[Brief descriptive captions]
********************

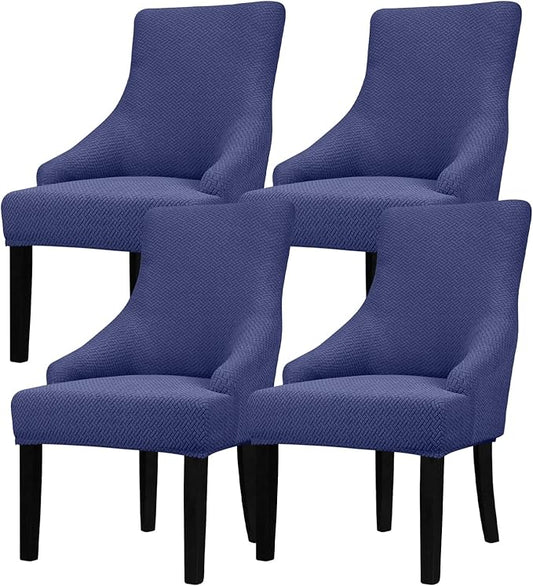 Lellen Stretch Wingback Chair Cover Slipcover - Reusable Wingback Side Chair Slipcover,Velvet Dining Chair Covers,Arm Protector Seat Covers for Dining Room Banquet Home Decor (Navy, 4PC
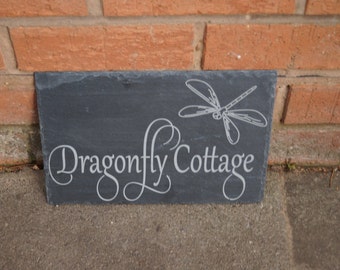Slate house sign, shed sign dragonfly image house sign, personalised slate sign, bespoke house sign, house numbers, dragonfly cottage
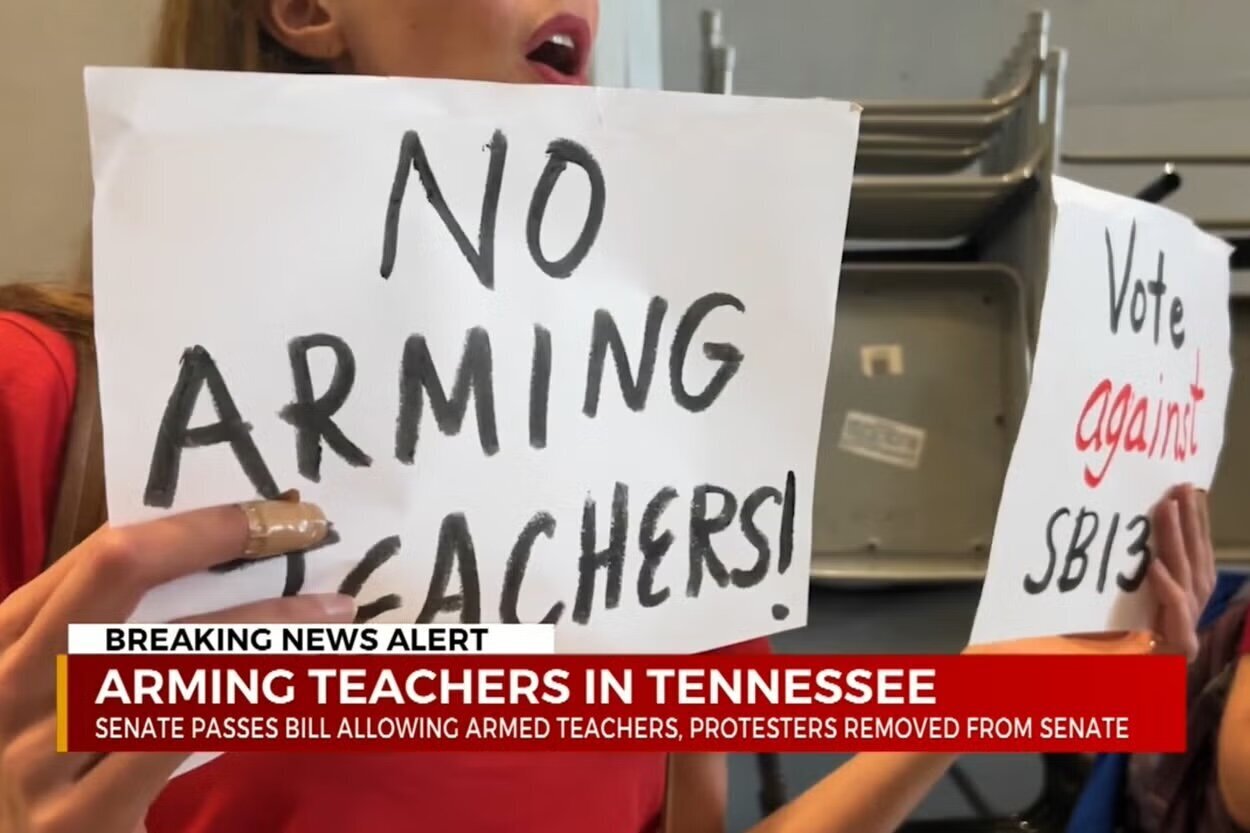 Angry protests as Tennessee Republicans pass law allowing teachers to carry concealed weapons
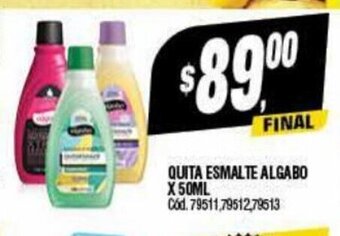 Supermercados Yaguar Quita Esmalte Algabo x 50ml. oferta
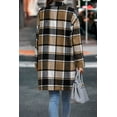 thumbnail image 5 of Plus Size Plaid Shacket Oversized Long Sleeve Button Down Boyfriend Shirts Casual Plaid Shacket Jacket Coats 3X Black, 5 of 17
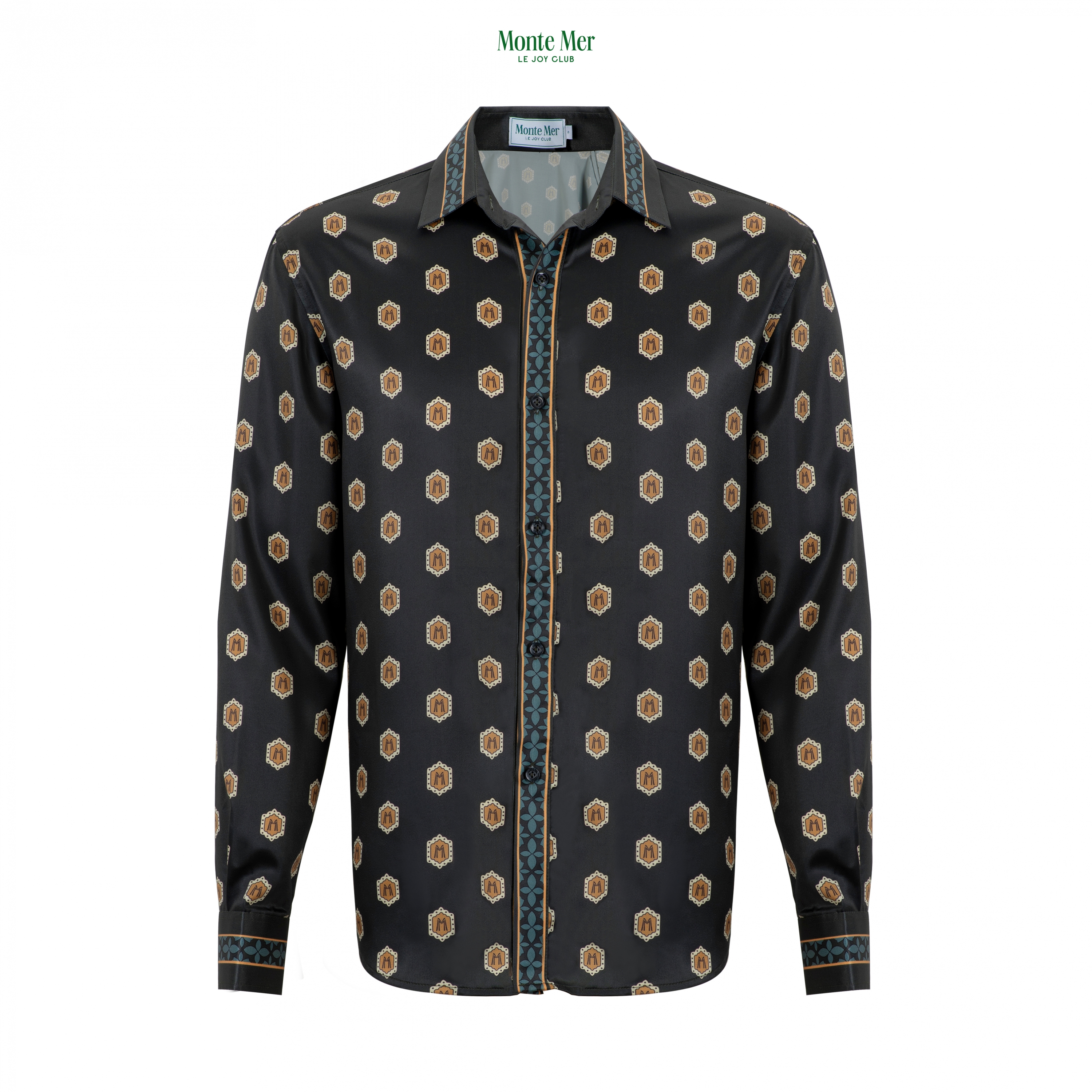 Monte Mer Olive Monogram Silk Shirt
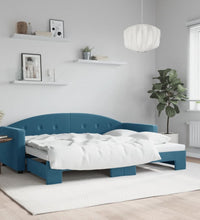 Tagesbett Ausziehbar Blau 80x200 cm Samt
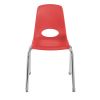 16" Black Stack Chair with Swivel Glides, 6-Pack - Red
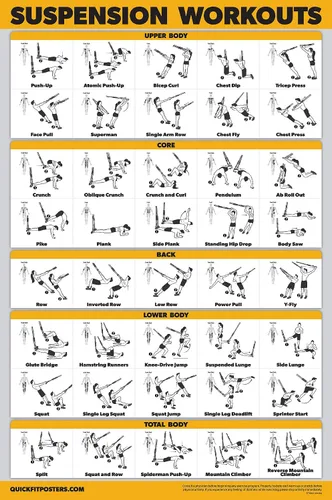 Miniatura 6 de QuickFit - Paquete de 10 pósteres de entrenamiento de ejercicio, pilates, mancuernas, suspensión, pesas rusas, bandas de resistencia, estiramiento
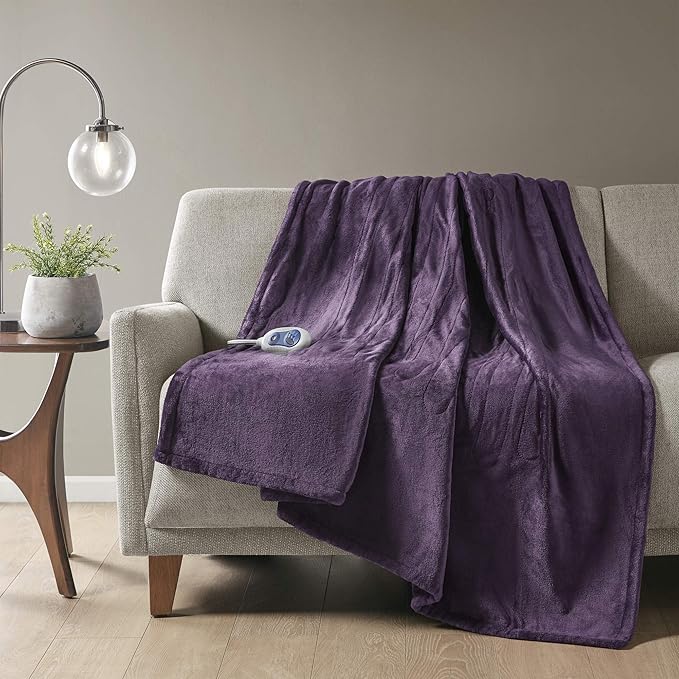 Beautyrest Heated Electric Blanket for Cold Weather, Fast Heating Heated Blanket, Auto Shut Off, Virtually Zero EMF, Multi Heat Setting, UL Certified, Purple Throw (60 inx70 in)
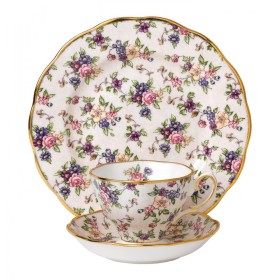 40017568 Набор чашка, блюдце, тарелка 20 см, Английский ситец "100 Years Of, Royal Albert " (1940), Royal Albert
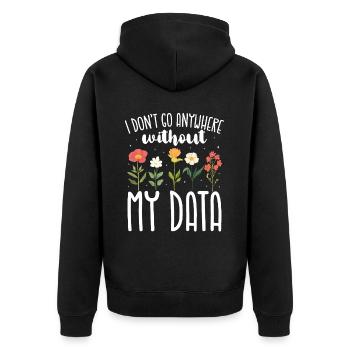 Schulpsychologe Schulpsychologie - Unisex Premium Bio Zip Hoodie - Schwarz - Hinten - Nico (187cm)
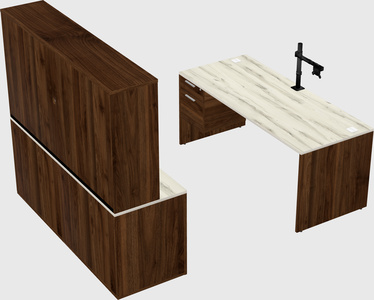 Parallel desk with credenza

********************

◆ WHAT TO PRODUCE
All that is wanted is the lines above between the one containing "Slate house sign, shed" and the one containing "Schulpsychologe Schulpsychologie - Unisex", inclusive, restated word for word, with pictures omitted.

◆ WRITTEN RESPONSE
Slate house sign, shed sign dragonfly image house sign, personalised slate sign, bespoke house sign, house numbers, dragonfly cottage
 Angry protests as Tennessee Republicans pass law allowing teachers to carry concealed weapons
 Supermercados Yaguar Quita Esmalte Algabo x 50ml. oferta
 thumbnail image 5 of Plus Size Plaid Shacket Oversized Long Sleeve Button Down Boyfriend Shirts Casual Plaid Shacket Jacket Coats 3X Black, 5 of 17
 Monte Mer Olive Monogram Silk Shirt
 Tagesbett Ausziehbar Blau 80x200 cm Samt
 16" Black Stack Chair with Swivel Glides, 6-Pack - Red
 Miniatura 6 de QuickFit - Paquete de 10 pósteres de entrenamiento de ejercicio, pilates, mancuernas, suspensión, pesas rusas, bandas de resistencia, estiramiento
 Beautyrest Heated Electric Blanket for Cold Weather, Fast Heating Heated Blanket, Auto Shut Off, Virtually Zero EMF, Multi Heat Setting, UL Certified, Purple Throw (60 inx70 in)
 40017568 Набор чашка, блюдце, тарелка 20 см, Английский ситец "100 Years Of, Royal Albert " (1940), Royal Albert
 Schulpsychologe Schulpsychologie - Unisex Premium Bio Zip Hoodie - Schwarz - Hinten - Nico (187cm)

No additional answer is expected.